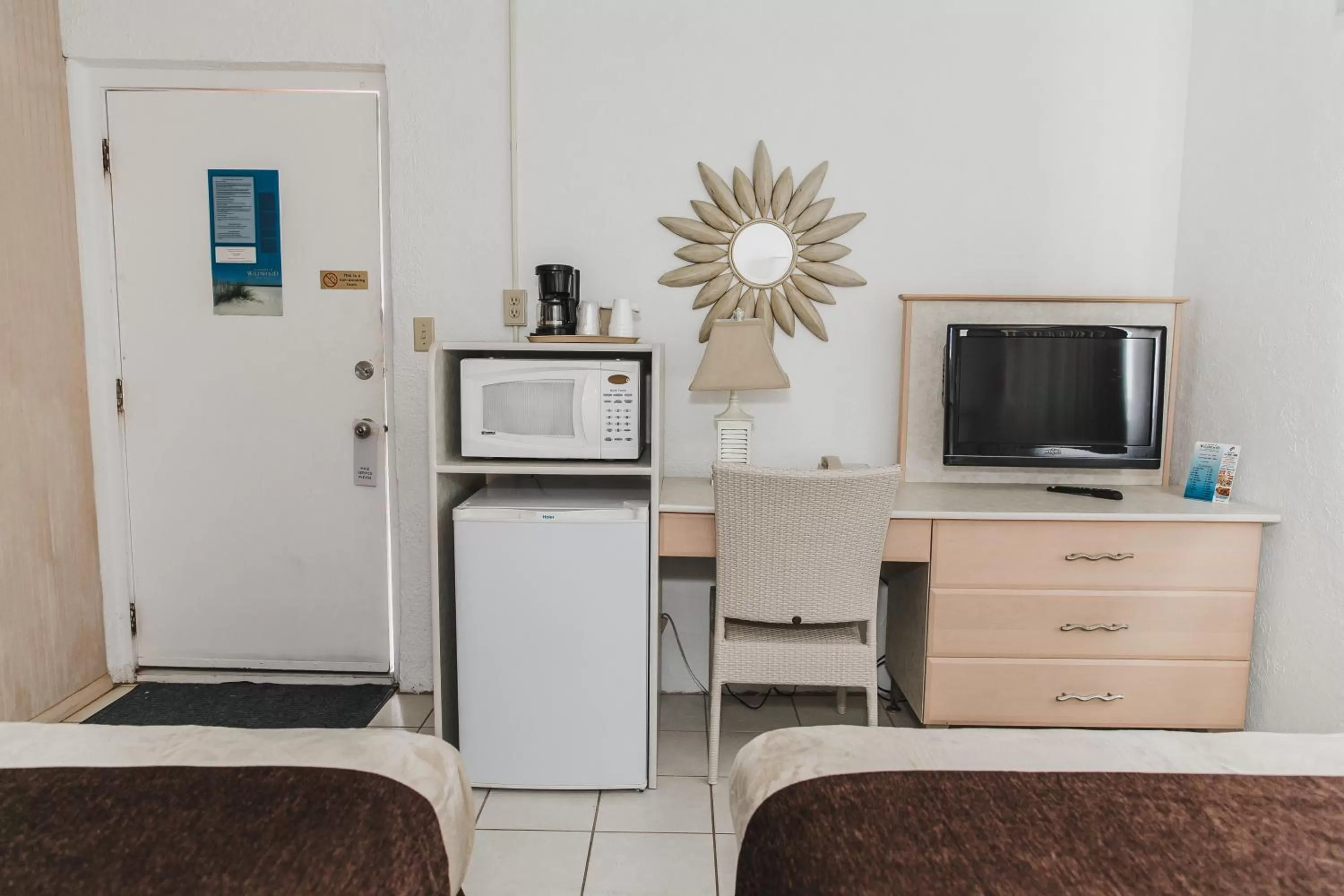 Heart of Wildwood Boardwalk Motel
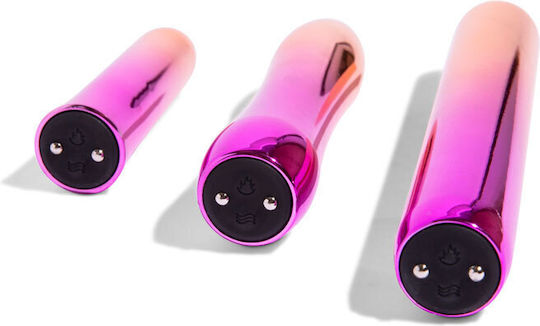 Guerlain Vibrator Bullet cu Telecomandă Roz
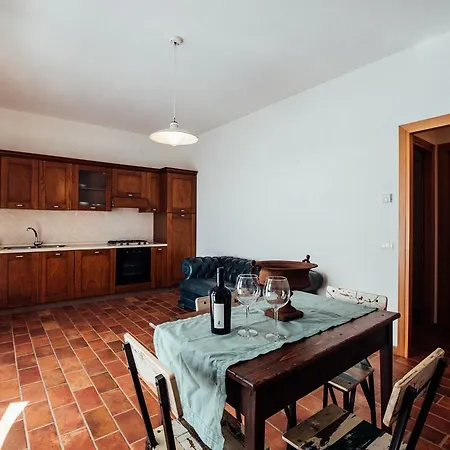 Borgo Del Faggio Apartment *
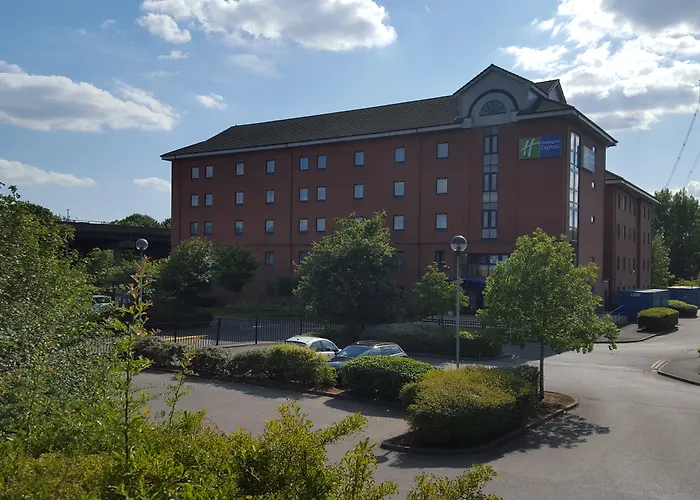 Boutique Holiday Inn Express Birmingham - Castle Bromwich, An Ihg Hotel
=======
Brief: Print the complete listing exactly, apart from any pictures.

Response to the task:
 Heart of Wildwood Boardwalk Motel
 Guerlain Vibrator Bullet cu Telecomandă Roz
 Borgo Del Faggio Apartment *
 Boutique Holiday Inn Express Birmingham - Castle Bromwich, An Ihg Hotel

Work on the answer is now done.